DATA TO EXAMINE section start

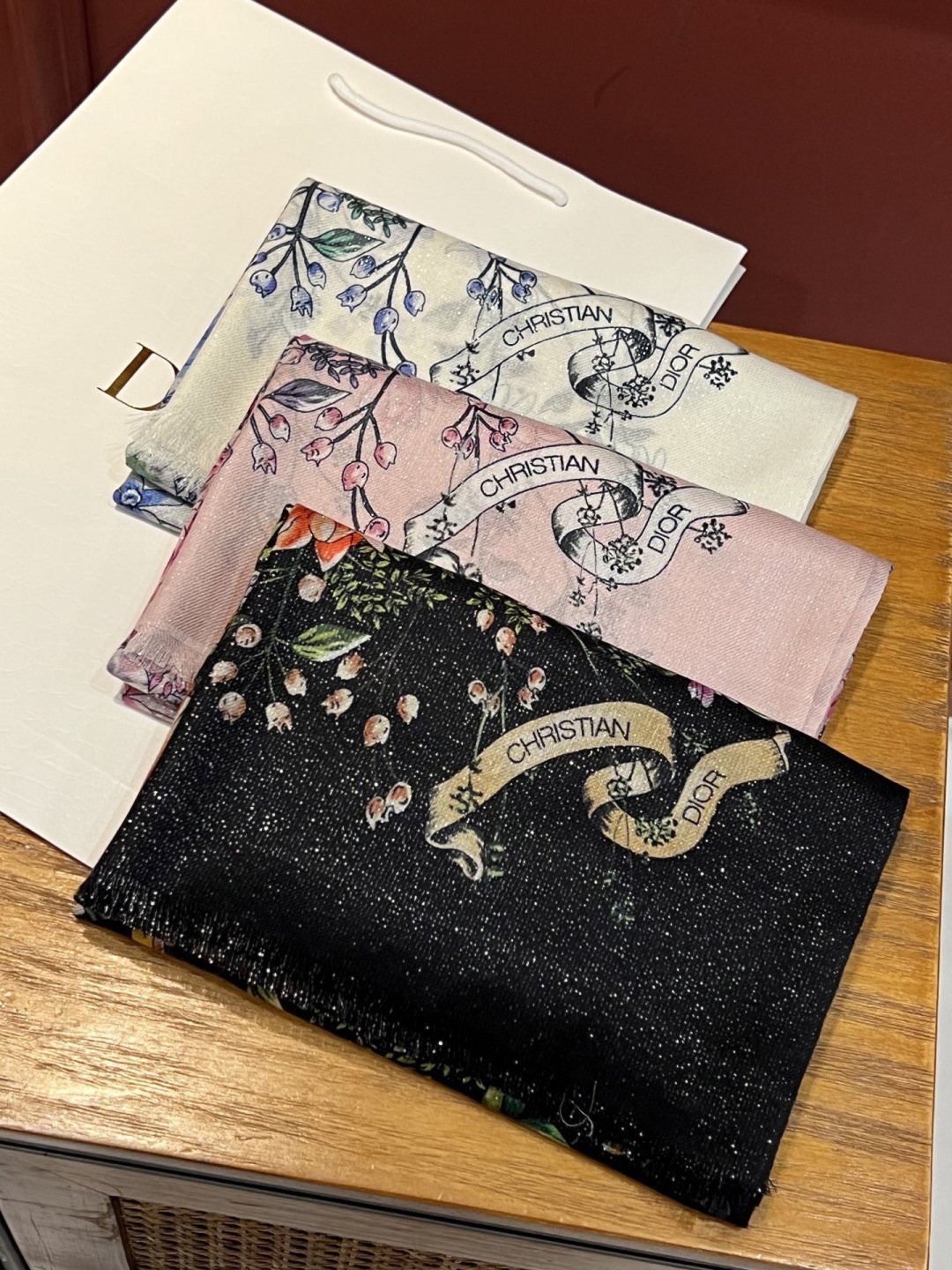 会发光发亮的围巾💃🏻💃🏻D家【D花香明媚】‼️抢‼️VIP推荐 ‼️👍下手一定要快【高端 大爱 ‼️纯羊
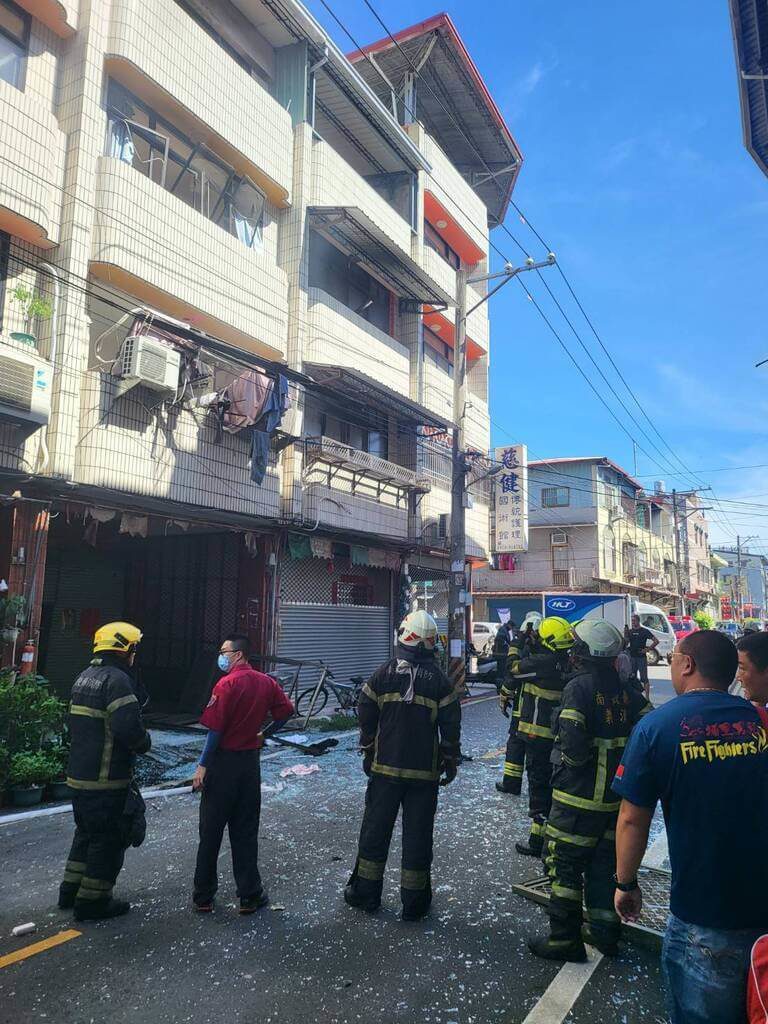 南投埔里民宅疑瓦斯氣爆 屋內1人燒燙傷急救 南投埔里民宅疑瓦斯氣爆 屋內1人燒燙傷急救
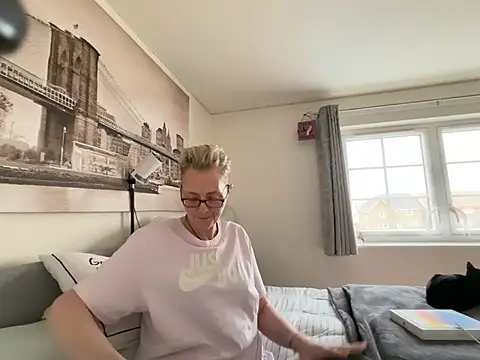 Preview of curvy-jinx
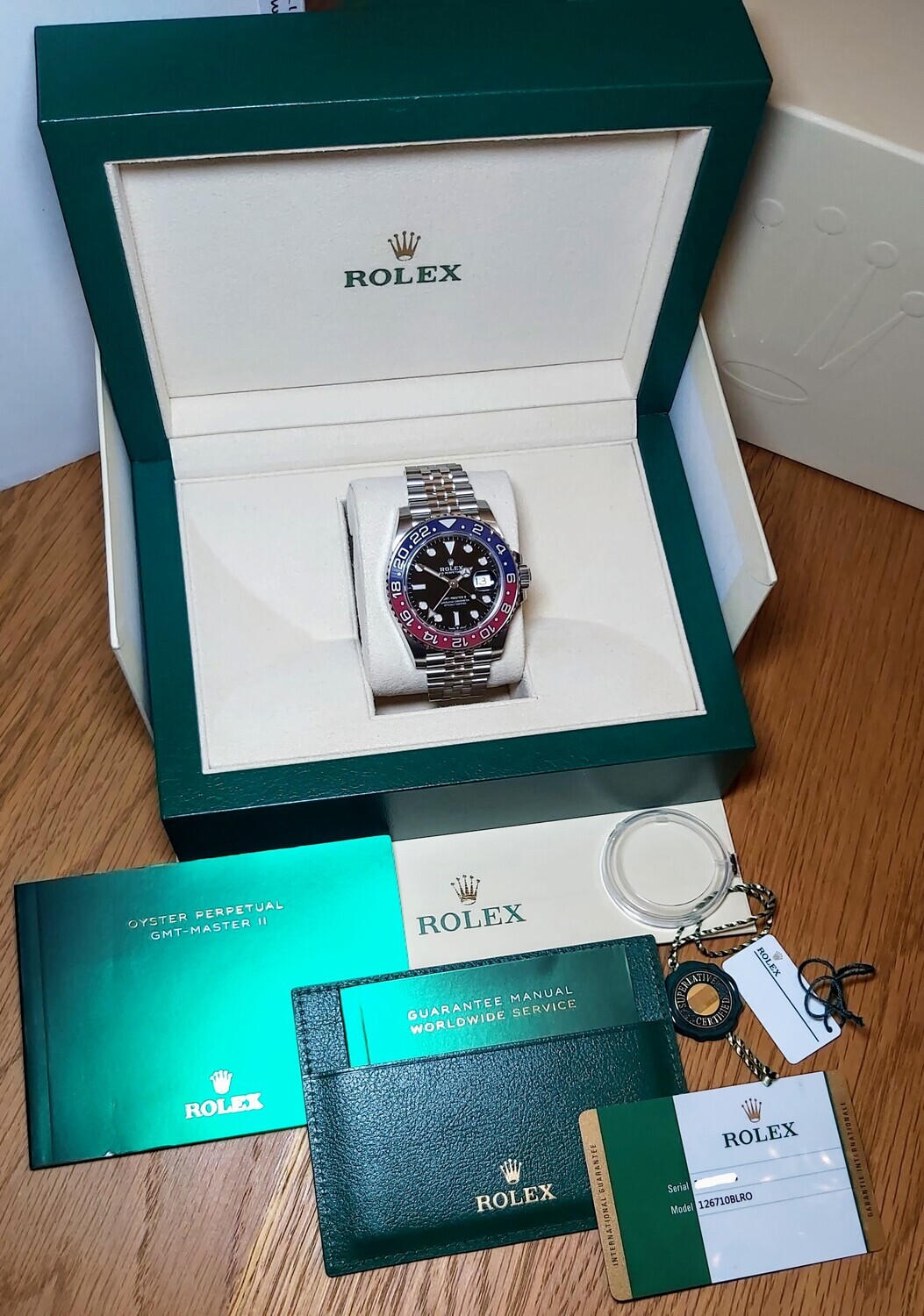 Rolex GMT Master II 126710BLRO - 2018 MK1 &#39;Pepsi&#39; Full Set - Exceptional Condition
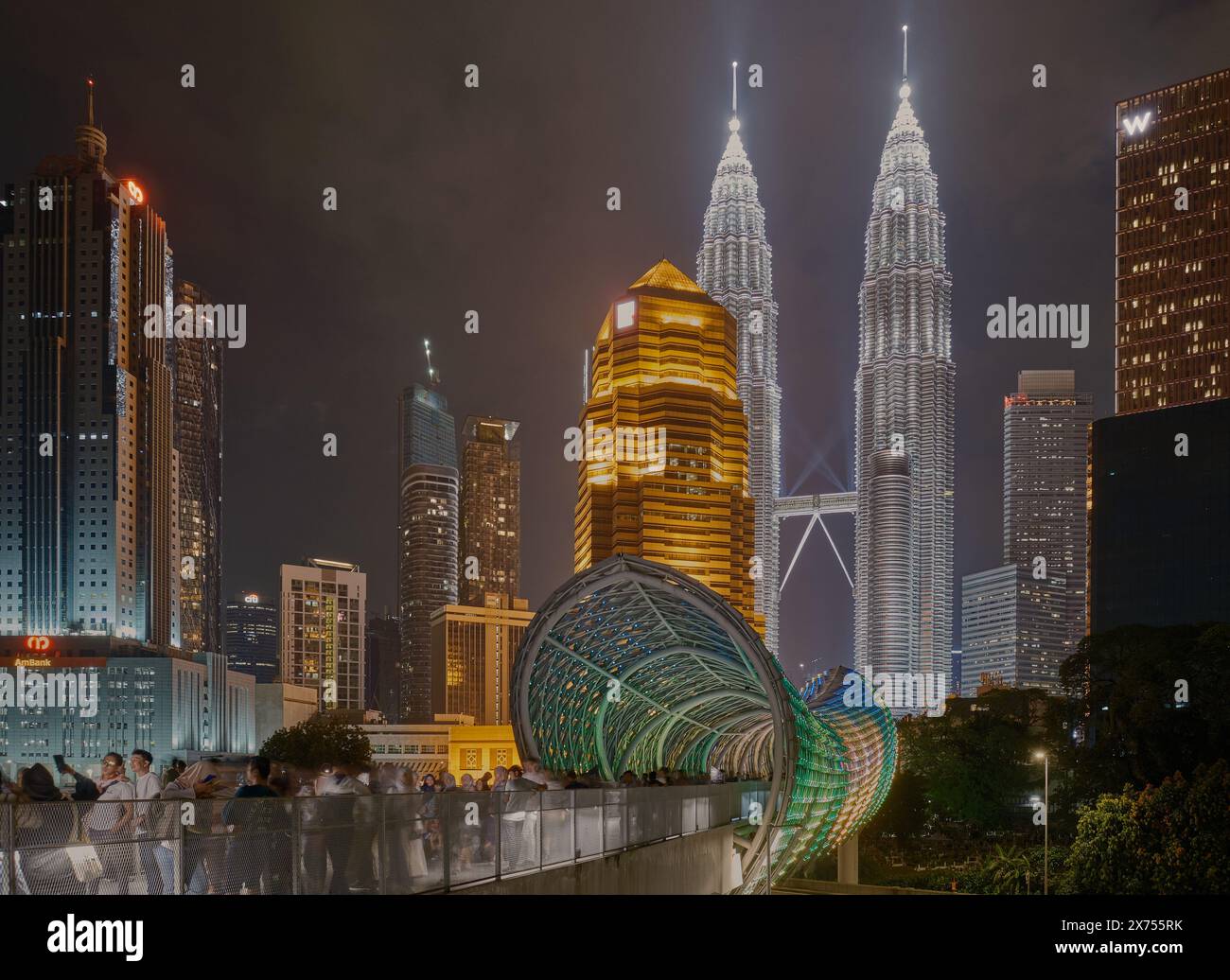 Die Saloma Link Bridge in Kuala Lumpur, Malaysia, ist eine 69 Meter lange kombinierte Fußgänger- und Radfahrerbrücke über den Klang River in Kuala Lumpur. Nachtaufnahme Stockfoto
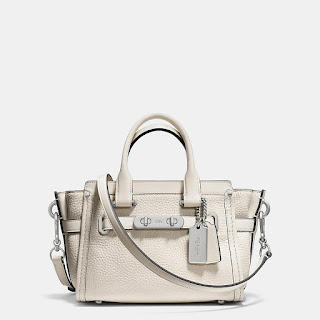 Coach Swagger 20 in pebble leather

DATA TO EXAMINE section end

• [EXERCISE DETAILS]
When the line containing "Rolex GMT Master" has been located, retype it and each line after it through the end of the records, excluding the pictures and adding nothing else.

• [COMPLETED TASK]
 Rolex GMT Master II 126710BLRO - 2018 MK1 &#39;Pepsi&#39; Full Set - Exceptional Condition
 Die Saloma Link Bridge in Kuala Lumpur, Malaysia, ist eine 69 Meter lange kombinierte Fußgänger- und Radfahrerbrücke über den Klang River in Kuala Lumpur. Nachtaufnahme Stockfoto
 Coach Swagger 20 in pebble leather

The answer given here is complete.